3 April 2005
Japanese News: The least independent and trustworthy media in the democratic world?
- By Adam Gamble and Takesato Watanabe www.mediachannel.org
Kyoto -- As Dan Rather signed off from The CBS Evening News, and a slew of media scandals continued to reverberate all across America -- ranging from the US Education Department paying journalists to promote its policies to propagandistic "video news releases" produced by other government agencies being used as fake news on television stations -- the latest Gallup Poll showed that only 20 percent of Americans still trust their news media.
It could be worse, said NBC News president Neal Shapiro: "We're still higher than congressmen and car salesman."

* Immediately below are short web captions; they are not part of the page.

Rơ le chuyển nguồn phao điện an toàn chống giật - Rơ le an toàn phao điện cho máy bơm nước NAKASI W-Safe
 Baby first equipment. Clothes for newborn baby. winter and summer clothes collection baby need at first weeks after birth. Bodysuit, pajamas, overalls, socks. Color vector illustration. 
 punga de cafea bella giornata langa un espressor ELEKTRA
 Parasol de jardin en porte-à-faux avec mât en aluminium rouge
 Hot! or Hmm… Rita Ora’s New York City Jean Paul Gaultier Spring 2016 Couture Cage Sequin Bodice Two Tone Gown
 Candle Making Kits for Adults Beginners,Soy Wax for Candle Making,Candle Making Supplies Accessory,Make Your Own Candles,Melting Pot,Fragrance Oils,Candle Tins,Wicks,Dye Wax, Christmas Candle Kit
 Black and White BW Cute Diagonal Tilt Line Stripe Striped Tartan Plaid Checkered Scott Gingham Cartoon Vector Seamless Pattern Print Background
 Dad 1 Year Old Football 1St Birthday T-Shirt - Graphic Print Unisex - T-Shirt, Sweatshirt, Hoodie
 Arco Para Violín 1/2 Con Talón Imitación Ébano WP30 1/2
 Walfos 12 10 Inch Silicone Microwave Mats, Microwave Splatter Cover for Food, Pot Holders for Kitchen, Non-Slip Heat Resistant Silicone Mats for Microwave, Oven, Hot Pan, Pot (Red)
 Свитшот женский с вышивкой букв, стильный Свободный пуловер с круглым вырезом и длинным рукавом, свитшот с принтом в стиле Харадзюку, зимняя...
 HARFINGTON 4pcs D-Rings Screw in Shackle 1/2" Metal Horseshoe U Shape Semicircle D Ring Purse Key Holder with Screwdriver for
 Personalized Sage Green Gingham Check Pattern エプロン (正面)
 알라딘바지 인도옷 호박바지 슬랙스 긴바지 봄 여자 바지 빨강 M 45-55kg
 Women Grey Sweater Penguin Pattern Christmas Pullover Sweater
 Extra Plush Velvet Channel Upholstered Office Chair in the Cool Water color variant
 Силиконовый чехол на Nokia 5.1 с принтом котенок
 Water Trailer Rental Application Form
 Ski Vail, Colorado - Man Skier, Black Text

Shapiro is correct. But if you think that the U.S. media's problems are bad, at least they have not yet sunk to the level of America's closest trading partner, Japan, whose media is cringingly compliant to government interests.
Many decades ago, Japan pioneered the consolidated ownership structure and cozy government relationships that currently threaten US media credibility. During the 1930s, more than 3,000 independent outlets were put out of business until just six staunchly pro-war corporations dominated Japan's news media.
Sound familiar?
The resulting structure of Japan's media remains largely the same today -- untouched by any post-World War II war reforms. The worst holdover from before the war is Japan's system of so-called press clubs -- roughly 1,300 press pools housed inside the very government and corporate entities they cover. Press-club reporters work closely with PR officers and tend to regurgitate the information fed them, often without cross-checking. They receive exclusive access to sources, and hundreds of millions of dollars in perks and subsidies. In exchange, they police themselves. Any journalist caught straying from the approved line is punished by colleagues -- even blackballed.
Non-club outlets are relegated to outsider status -- even the influential, large-circulation weekly newsmagazines, shukanshi. But they are no real alternative to the insiders, since their own journalistic standards tend to fall somewhere between that of The National Inquirer and Hustler. Of the 20,000 working Japanese reporters -- club members and non-members alike -- perhaps as few as 1% have any university training in their profession, and only a handful have anything like a US journalism degree. The rest receive about two weeks of corporate "training" before being turned loose.
The result is the least independent, and arguably the least trustworthy, news media in the democratic world, whose transgressions could shock the most jaundiced American audience.
Consider the quasi-public television network and world's largest broadcaster NHK, recently caught censoring a 2001 show holding Tokyo responsible for "comfort women" forced into sex slavery during WWII. Two days before air, Liberal Democratic Party (LDP) politicians close to Prime Minister Koizumi expressed displeasure. NHK scrambled to cut footage of rape survivors, splicing in a preposterous academic calling the victims willing prostitutes.
Media denials of Japan's WWII atrocities -- the "comfort women," the Nanjing Massacre, sometimes Holocaust denial itself -- are politically useful because key LDP founders were in the imperial government and the party inherited the Imperial Household Agency's political mantle. Whitewashing the War legacy is therefore necessary to bolster the LDP's legitimacy. Japan's media also helps advance the current government agenda, which includes getting a permanent seat on the U.N. Security Council and projecting military power again "like a normal country," free from constraints of its pacifist postwar constitution.
Public opposition to Japan's deployment of some 1,000 troops to Iraq is a liability for this agenda, so the media dutifully repeats government assertions that these "Self-Defense Forces" are constitutionally deployed in a "non-combat zone." But when the violence escalated last year and belied this, mainstream Japanese outlets withdrew their reporters and now simply take their news from official military sources.
Similarly, when Japanese civilians were taken hostage in Iraq last year, public sympathy for them might have embarrassed the government. So the media was enlisted to spout the official line: that the hostages were unpatriotic troublemakers for remaining in Iraq against government advice.
In short, Japan's Fourth Estate has a giant pro-status-quo sign on the lawn. Not only is its lack of independence dangerous for Japan's one-party democracy, but the impunity with which the government manipulates it undermines democracy around the world. Indeed, judging from rising scandals and falling trust, the US and other Western media seem to be drifting more in Japan's direction than the other way around.
The European Union repeatedly protests Japan's press club system, while the Bush administration ignores it, and instead praises Japan as the great success story of democratic nation building. But Japanese media malfeasance will only continue and metastasize globally unless the US makes it clear that its commitment to promote democracy and press freedom applies not just in Lebanon, Iraq and Russia, but everywhere, including Japan, and even at home.
-- Adam Gamble and Takesato Watanabe are coauthors of the book "A Public Betrayed: An Inside Look at Japanese Media Atrocities and their Warnings to the West." Watanabe is a professor of Media Ethics at Doshisha University in Kyoto, Japan. Gamble is a Massachusetts-based writer and researcher.